■ **Your objective**
Repeat every record below exactly, but leave out any pictures.

■ **The records**
Segment Open

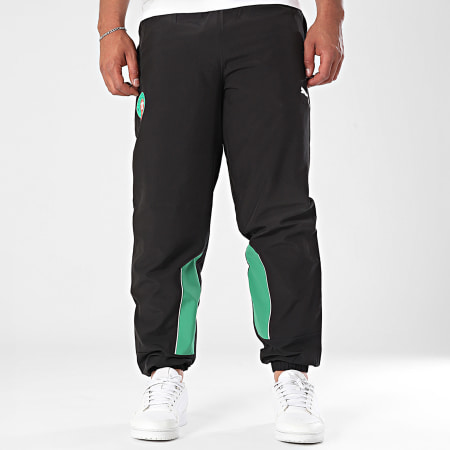 Puma - FRMF Maroc Archive Pantalones de chándal 781963 Negro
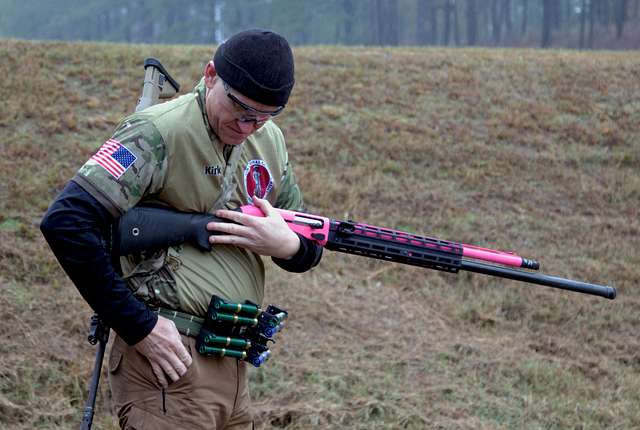 National Guard Marksmanship Training Center Hosts Annual Sniper  Marksmanship Competitions > Air National Guard > Article Display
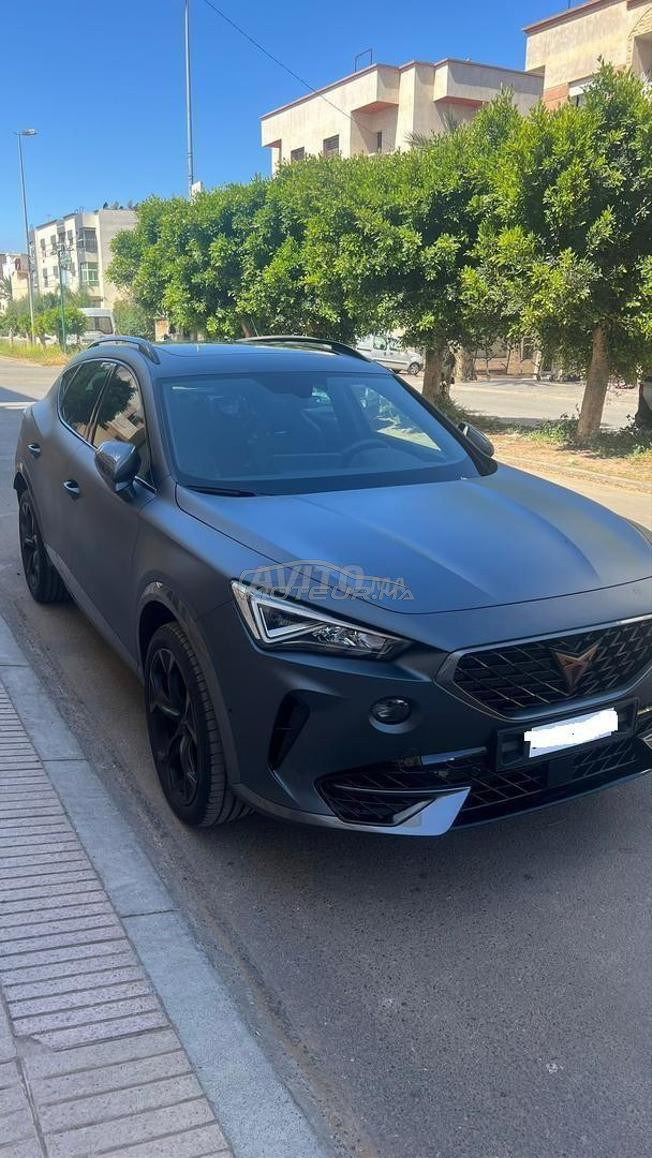 Cupra Formentor Essence Automatique 2024 à Fès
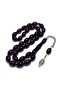 Powder Amber Rosary - Red, Black Vernier[code: 201014792 ]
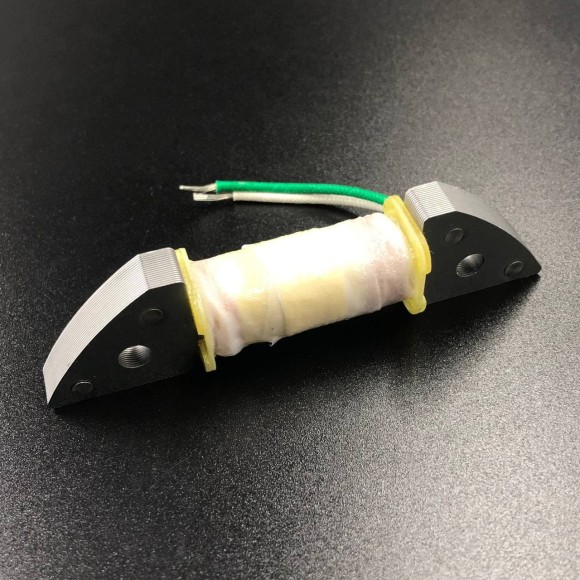 Катушка зажигания подмаховиковая Suzuki DT40 (Omax)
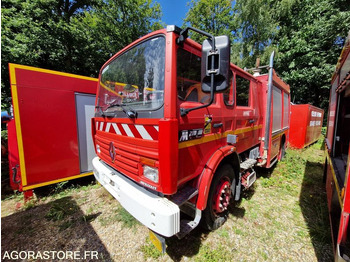 Camion  Renault Midliner M210 -1995 - 66879 - 3382VS27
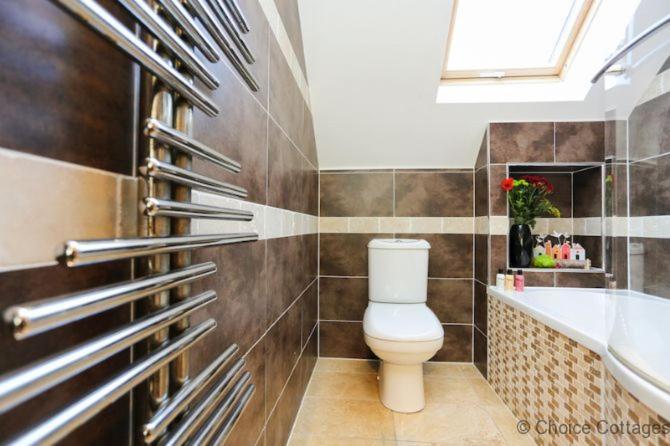 Croyde Waves 4 Bedrooms المظهر الخارجي الصورة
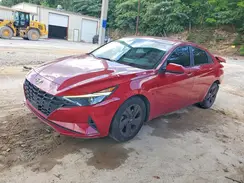 KMHLS4AG8NU275587 2022 HYUNDAI ELANTRA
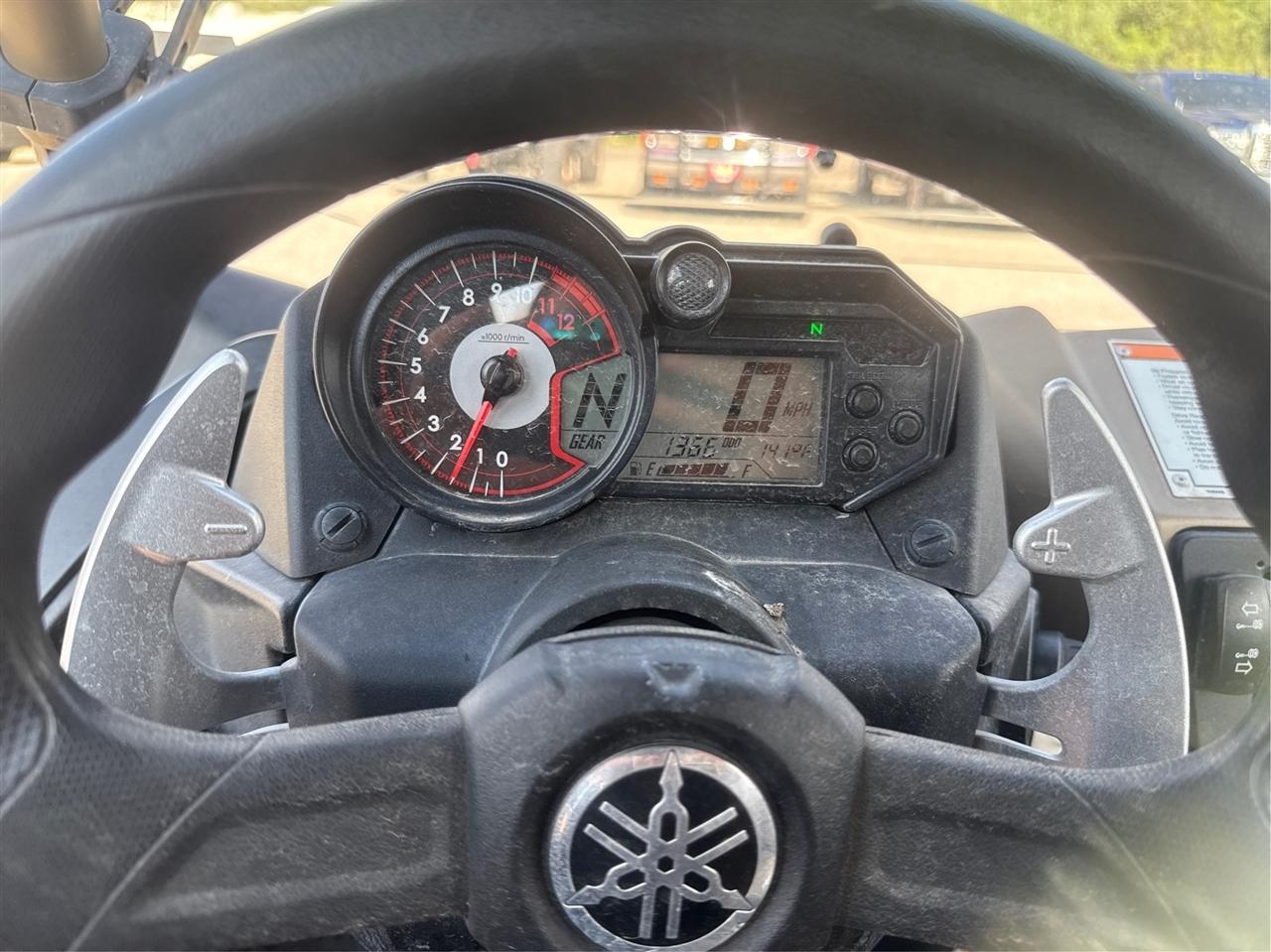 Yamaha YXZ1000  2020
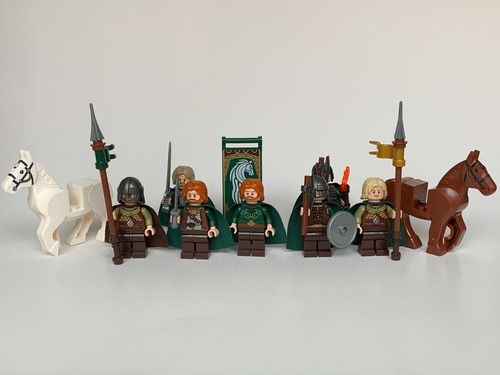 Lego herr der ringe - lord, of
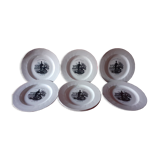 Assiettes parlantes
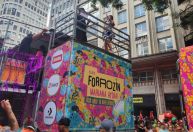 Bloco Forrozin celebra aniversário de Dominguinhos em SP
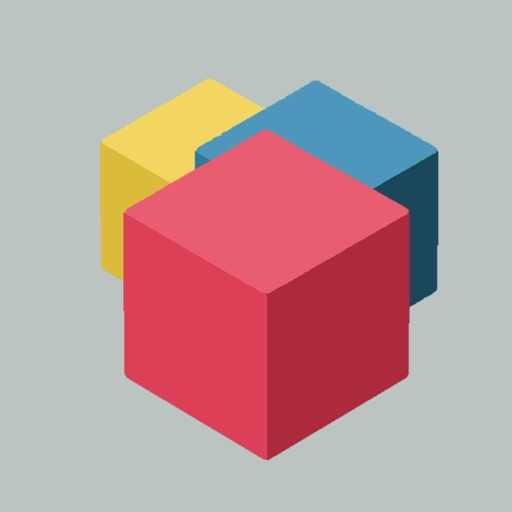 Fit in the block : 1010 dots puzzle stack game Icon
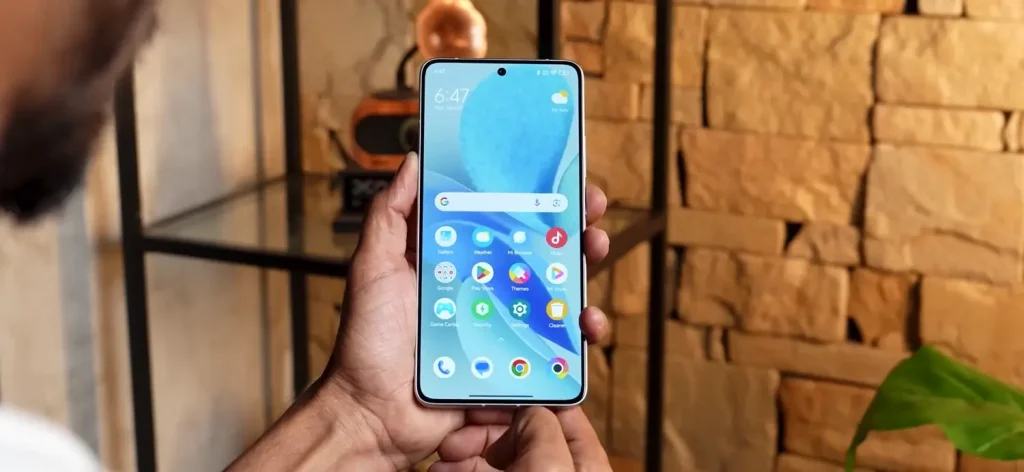 POCO F7 Pro Review: Is It Worth Buying in India? 7 POCO F7 Pro Review Battery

Segment Closed

■ **The answer**
 Puma - FRMF Maroc Archive Pantalones de chándal 781963 Negro
 National Guard Marksmanship Training Center Hosts Annual Sniper  Marksmanship Competitions > Air National Guard > Article Display
 Cupra Formentor Essence Automatique 2024 à Fès
 Powder Amber Rosary - Red, Black Vernier[code: 201014792 ]
 Катушка зажигания подмаховиковая Suzuki DT40 (Omax)
 Camion  Renault Midliner M210 -1995 - 66879 - 3382VS27
 Croyde Waves 4 Bedrooms المظهر الخارجي الصورة
 KMHLS4AG8NU275587 2022 HYUNDAI ELANTRA
 Yamaha YXZ1000  2020
 Lego herr der ringe - lord, of
 Assiettes parlantes
 Bloco Forrozin celebra aniversário de Dominguinhos em SP
 Fit in the block : 1010 dots puzzle stack game Icon
 POCO F7 Pro Review: Is It Worth Buying in India? 7 POCO F7 Pro Review Battery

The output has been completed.